Windows 8 Start-tip Power MenuWindows 8: bluff old traditionalists without a Slate, sorry, Surface (ha ha ha – no? Really?) sorry, tablet are going to stick with the conventional Windows desktop.

And I hear you say; “Metro, sorry, Modern-UI apps are going to force out the conventional desktop.” No. There are too many corporates with legacy applications, without touch screens, with older hardware, without the training budgets.

Modern-UI and the conventional desktop are likely to co-exist indefinitely. The new versions of Microsoft Office and Adobe Photoshop due in 2013 will be desktop applications, not Modern-UI apps. Can you imagine Photoshop in a low-resolution, Fisher-Price Modern-UI interface? No, neither can I. That means incremental improvements to the familiar Windows desktop will continue.
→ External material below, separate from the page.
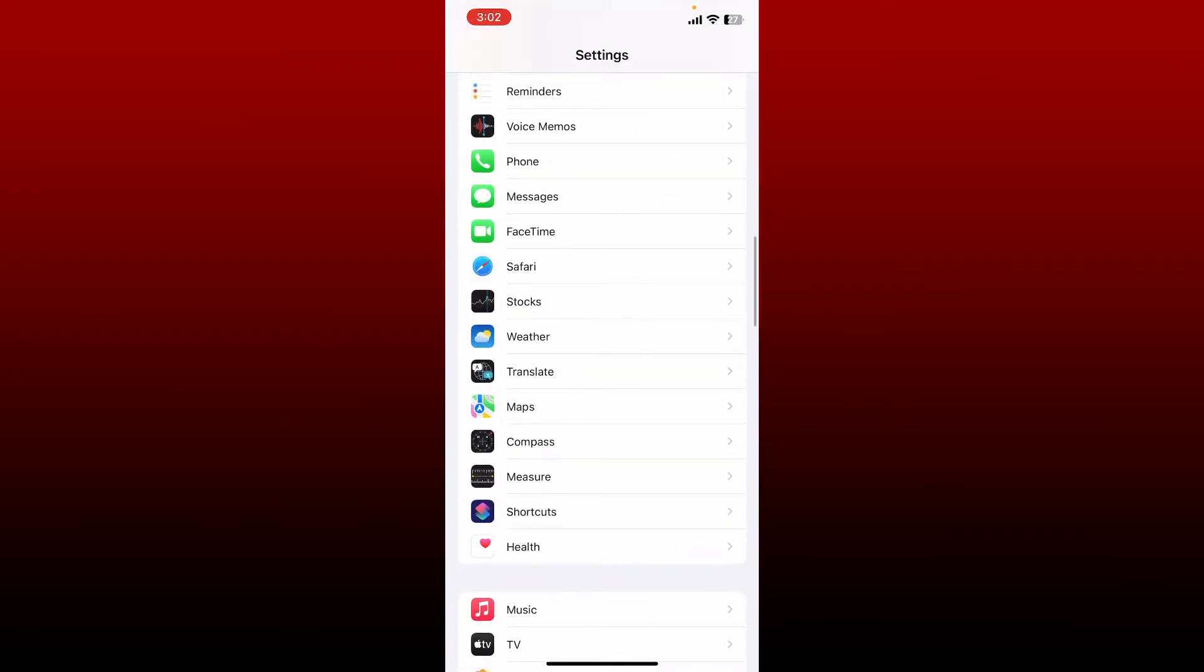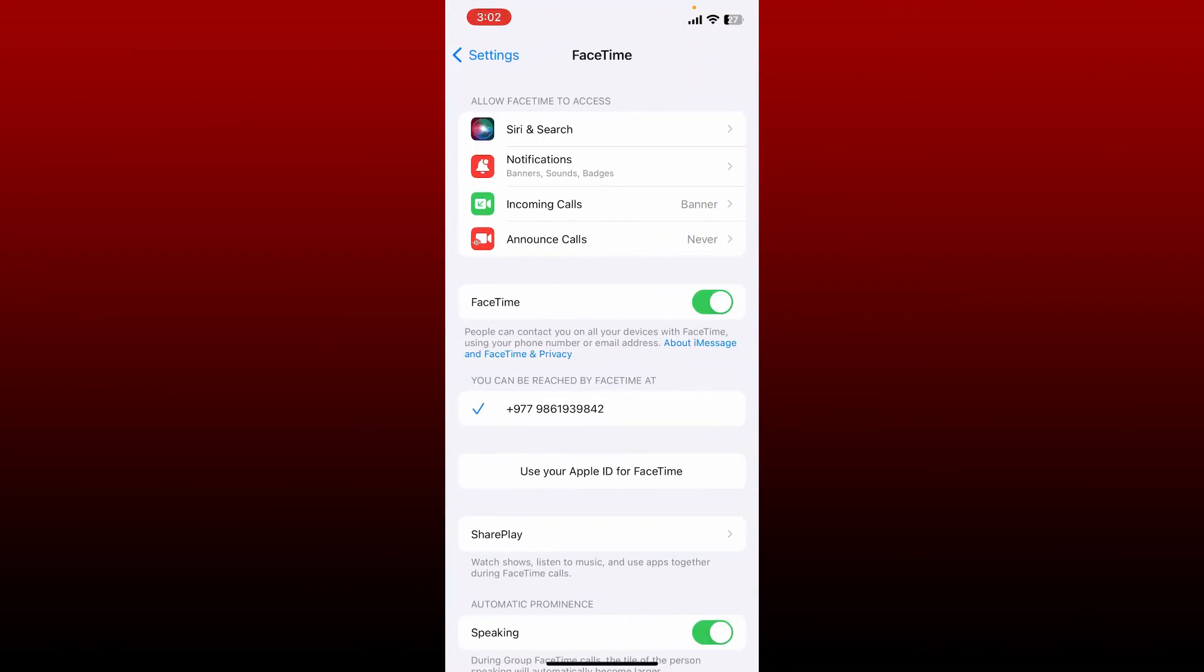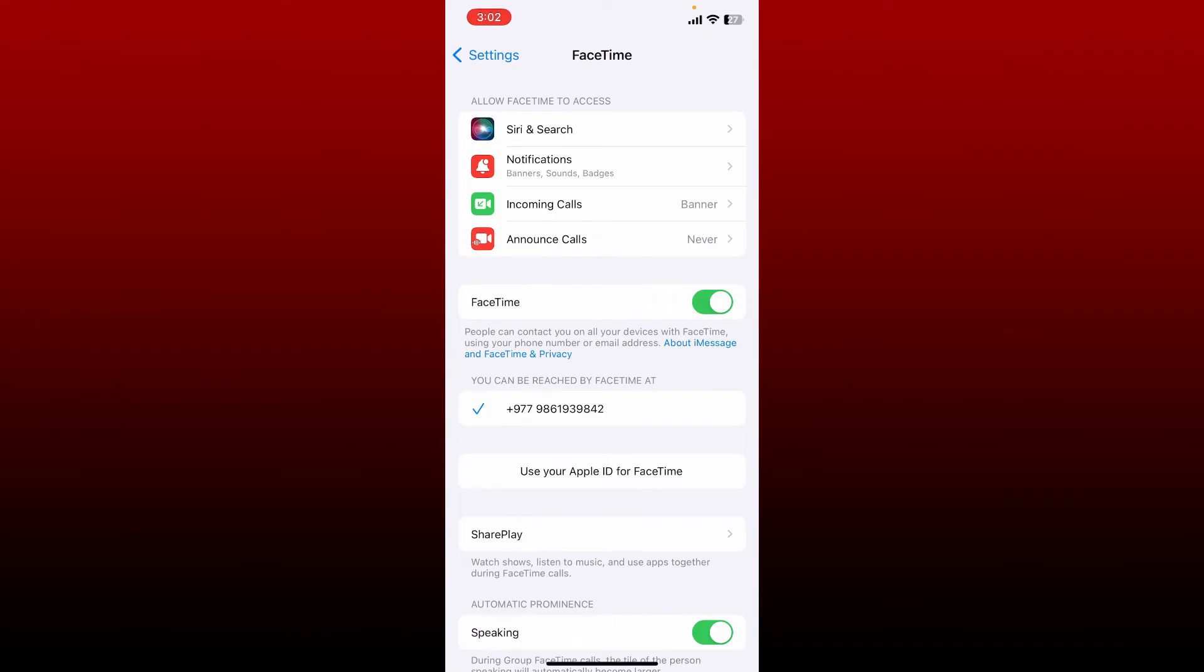From the FaceTime tab, you'll be able to see a toggle menu right next to FaceTime. Toggle it off and wait for a few seconds. Toggle it on back again, and that way you'll be able to reset your FaceTime on iPhone.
Count up the improvements to the Windows desktop that we looked at already; the ribbon interface in Windows Explorer, the new Task Manager, the file-copy improvements. The desktop has the edge and corner navigation controls. The new Start tip replaces the old Start button. Cunningly, there’s a right-click power menu that brings most of the control panel and management settings right to you:

  • Programs and features (software installer)
  • Power management
  • Event viewer
  • System – overview
  • Device Manager
  • Disk Management
  • Computer Management – top-level admin console for management tools
  • Two command prompts – regular and Admin
  • Task Manager
  • Full top-level Control Panel
  • File Explorer – file management
  • Search – apps search
  • Run – run box
  • Desktop – show desktop and minimise all running apps

Windows 8 Search apps screenA lot of these features used to be buried fairly deep within the Control Panel sub-basement levels. Now they are right there with one click from Modern-UI or desktop.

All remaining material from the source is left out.